• REQUIRED ACTION: Pick up at the line with "Volkswagen Tiguan L — фото 2". Write it out exactly, along with each later line through the end of the data, and nothing more.

• LISTED ENTRIES:

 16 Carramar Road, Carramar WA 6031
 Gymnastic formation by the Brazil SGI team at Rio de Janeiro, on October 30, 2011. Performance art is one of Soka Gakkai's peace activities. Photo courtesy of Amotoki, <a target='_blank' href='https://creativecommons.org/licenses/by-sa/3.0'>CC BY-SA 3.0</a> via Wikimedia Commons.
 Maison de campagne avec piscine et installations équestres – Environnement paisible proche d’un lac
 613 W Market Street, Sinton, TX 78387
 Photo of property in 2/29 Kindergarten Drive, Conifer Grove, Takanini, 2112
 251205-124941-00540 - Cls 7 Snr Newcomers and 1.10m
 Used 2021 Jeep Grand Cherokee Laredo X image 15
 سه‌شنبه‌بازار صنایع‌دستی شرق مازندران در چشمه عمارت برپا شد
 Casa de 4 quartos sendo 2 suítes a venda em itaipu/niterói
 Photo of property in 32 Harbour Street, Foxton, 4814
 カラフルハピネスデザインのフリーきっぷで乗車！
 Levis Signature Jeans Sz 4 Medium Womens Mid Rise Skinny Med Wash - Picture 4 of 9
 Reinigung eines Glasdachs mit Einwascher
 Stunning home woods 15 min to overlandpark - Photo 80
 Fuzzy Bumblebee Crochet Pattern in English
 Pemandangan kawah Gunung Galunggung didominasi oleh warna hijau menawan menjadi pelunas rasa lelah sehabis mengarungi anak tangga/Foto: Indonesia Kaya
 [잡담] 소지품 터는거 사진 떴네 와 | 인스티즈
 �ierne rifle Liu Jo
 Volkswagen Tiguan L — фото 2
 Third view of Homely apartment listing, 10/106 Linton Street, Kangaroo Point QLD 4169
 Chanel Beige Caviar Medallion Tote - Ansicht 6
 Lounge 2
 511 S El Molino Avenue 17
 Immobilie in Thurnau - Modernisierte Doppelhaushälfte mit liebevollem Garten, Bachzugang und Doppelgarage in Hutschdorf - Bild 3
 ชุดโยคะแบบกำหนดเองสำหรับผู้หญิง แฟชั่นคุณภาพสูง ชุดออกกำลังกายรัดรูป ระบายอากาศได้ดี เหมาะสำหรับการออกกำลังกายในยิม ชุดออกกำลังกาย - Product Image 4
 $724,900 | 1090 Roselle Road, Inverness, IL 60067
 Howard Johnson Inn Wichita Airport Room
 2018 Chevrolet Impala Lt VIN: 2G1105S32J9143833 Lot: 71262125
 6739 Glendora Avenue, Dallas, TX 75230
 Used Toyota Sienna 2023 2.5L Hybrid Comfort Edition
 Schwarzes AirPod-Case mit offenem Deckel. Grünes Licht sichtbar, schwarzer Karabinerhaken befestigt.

• EXPECTED ANSWER:
 Volkswagen Tiguan L — фото 2
 Third view of Homely apartment listing, 10/106 Linton Street, Kangaroo Point QLD 4169
 Chanel Beige Caviar Medallion Tote - Ansicht 6
 Lounge 2
 511 S El Molino Avenue 17
 Immobilie in Thurnau - Modernisierte Doppelhaushälfte mit liebevollem Garten, Bachzugang und Doppelgarage in Hutschdorf - Bild 3
 ชุดโยคะแบบกำหนดเองสำหรับผู้หญิง แฟชั่นคุณภาพสูง ชุดออกกำลังกายรัดรูป ระบายอากาศได้ดี เหมาะสำหรับการออกกำลังกายในยิม ชุดออกกำลังกาย - Product Image 4
 $724,900 | 1090 Roselle Road, Inverness, IL 60067
 Howard Johnson Inn Wichita Airport Room
 2018 Chevrolet Impala Lt VIN: 2G1105S32J9143833 Lot: 71262125
 6739 Glendora Avenue, Dallas, TX 75230
 Used Toyota Sienna 2023 2.5L Hybrid Comfort Edition
 Schwarzes AirPod-Case mit offenem Deckel. Grünes Licht sichtbar, schwarzer Karabinerhaken befestigt.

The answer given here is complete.